When a lot of actors try to be stoic it comes across as dynamic as a floorboard. Ken Takakura is stoic in a way that shows his rage, anger, lust, pain and hope. He's also damned good with a samurai sword. He's shown as a "man out of time," in the movie, his code of honor and discipline being at odds with the modern world (the 70's anyway) as a man who has walked away from the Yakuza and lived to not talk about it.

The Supporting cast is full of character actors, Brian Keith is always the bomb. He could be anything you wanted and make it look like it was his day-to-day, good, bad, indifferent, not to mention doing it all in 70's plaid and cowboy hats. Richard Jordan was the perfect young buck tagging along with Mitchum. He proves himself to a man who is quick with a gun but obviously wants more from life then being a hired gun. He also wears plaid pants. Keiko Kishi is letter-perfect as a woman who has had many years to live with what her life has become and the ideas of what could still blossom from it. My wife got a kick out of Herb Edelman being in it, better known as Stan on "The Golden Girls," and here being a man in over his head but dedicated to his friends.

The bad guys are bad, the good guys are mostly good, the motivations are deep and rich and what could have been pure melodrama is reigned into a difficult love story.
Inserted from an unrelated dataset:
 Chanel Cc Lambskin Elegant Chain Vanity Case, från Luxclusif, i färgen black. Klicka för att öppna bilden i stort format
Pollock was a great director who mostly made fine movies. This is never really counted among those but it should have been. There will never be another movie like this.
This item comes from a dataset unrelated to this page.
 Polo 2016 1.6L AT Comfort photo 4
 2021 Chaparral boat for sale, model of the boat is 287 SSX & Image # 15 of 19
So, why is this on a book blog? See it's really a book. It's a hard-boiled Gold Medal paperback original. It had a painted cover of a tough guy holding a Colt with a slinky dame in a kimono on his arm and the looming death of the Japanese mafia creeping around the corners. The byline was a pseudonym.

Of course it wasn't a book, though it did have a tie-in book written by co-screen writer Leonard Schrader but it was spiritually a pulp paperback novel. Arms get chopped off, your buddy has an arsenal for you to pick your hardware up from, and the mobs on your tail. But it's too deep to just be an action movie but goes by fast enough not to get bogged down in "feelings," a waste of your breath to talk it all out, no just look at the man you've hated for 20 years and then go risk your life for him. Its a movie about destruction. Not just property destruction, but personal destruction. Destruction is what Gold Medal Paperbacks were about. Going too far and never being able to take it back.